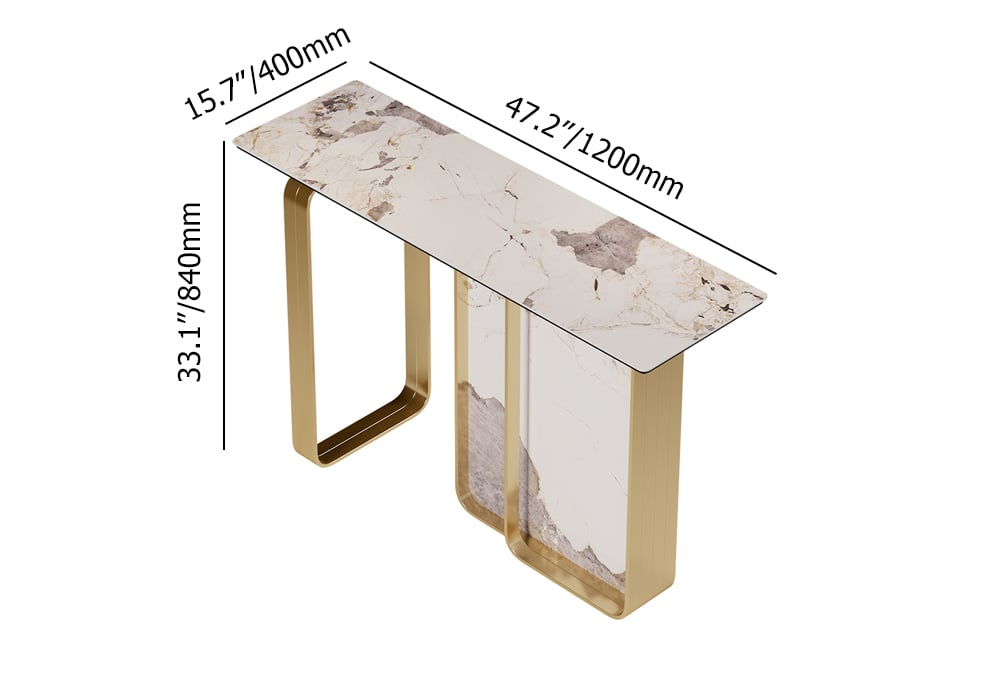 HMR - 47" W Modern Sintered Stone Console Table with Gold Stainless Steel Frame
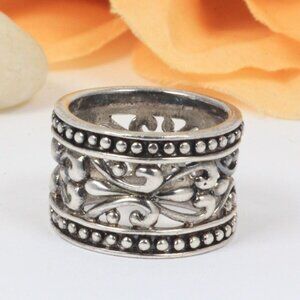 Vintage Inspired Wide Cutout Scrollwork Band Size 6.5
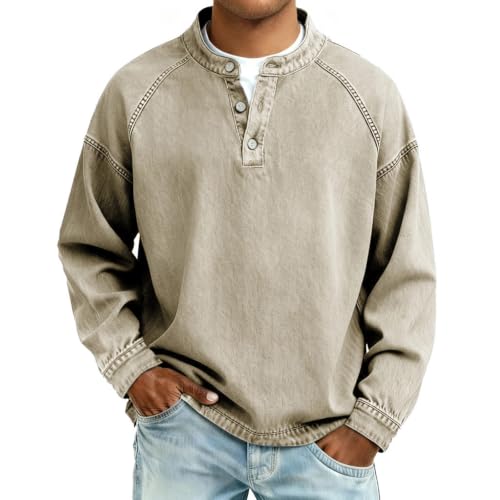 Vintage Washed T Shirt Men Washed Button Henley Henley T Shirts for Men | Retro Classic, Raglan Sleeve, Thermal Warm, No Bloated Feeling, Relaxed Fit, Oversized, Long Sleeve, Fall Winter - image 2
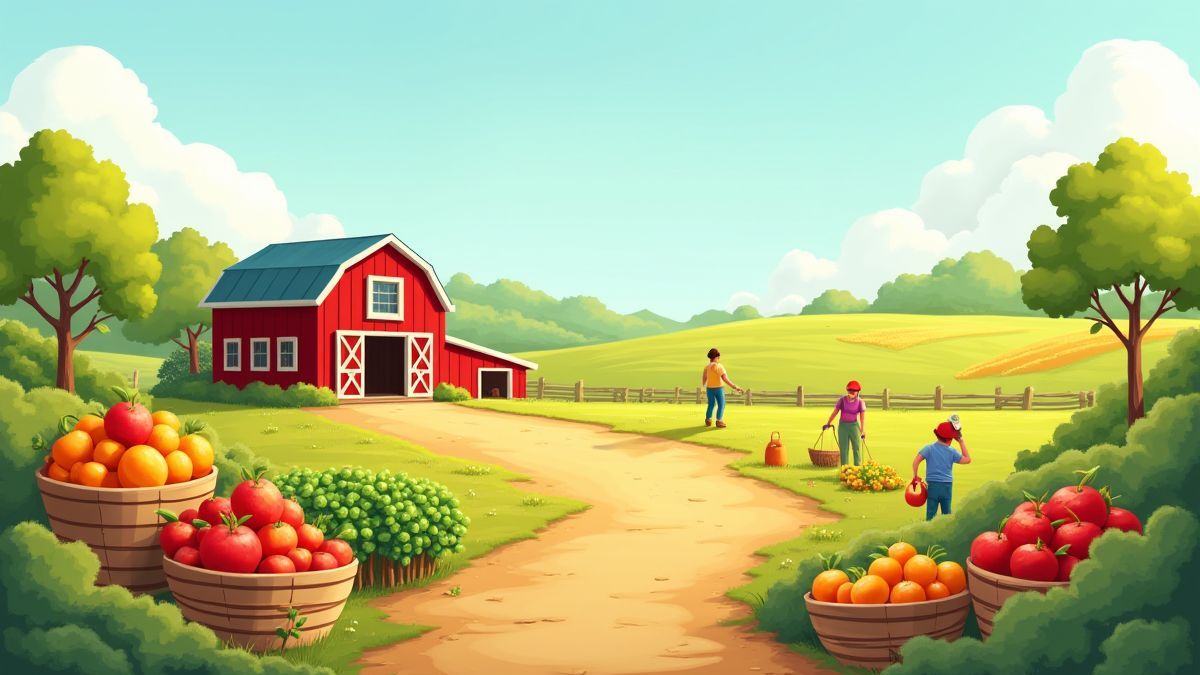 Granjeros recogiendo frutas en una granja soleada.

* * *

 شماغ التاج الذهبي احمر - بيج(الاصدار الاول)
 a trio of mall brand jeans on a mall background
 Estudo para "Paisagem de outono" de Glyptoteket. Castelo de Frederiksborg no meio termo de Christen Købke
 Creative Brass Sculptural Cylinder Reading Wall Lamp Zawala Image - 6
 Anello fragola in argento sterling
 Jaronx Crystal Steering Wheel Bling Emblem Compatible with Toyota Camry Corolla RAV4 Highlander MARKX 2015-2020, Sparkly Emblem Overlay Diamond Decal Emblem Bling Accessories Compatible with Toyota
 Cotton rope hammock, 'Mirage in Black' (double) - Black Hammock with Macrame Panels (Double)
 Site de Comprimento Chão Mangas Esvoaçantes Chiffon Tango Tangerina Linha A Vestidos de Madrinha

◆ What you need to do: Print exactly the lines above that run from the one with "Stainless Steel Frame" to the one with "Vintage Inspired Wide", both included. No pictures.

◆ Response for this exercise:
 HMR - 47" W Modern Sintered Stone Console Table with Gold Stainless Steel Frame
 Vintage Inspired Wide Cutout Scrollwork Band Size 6.5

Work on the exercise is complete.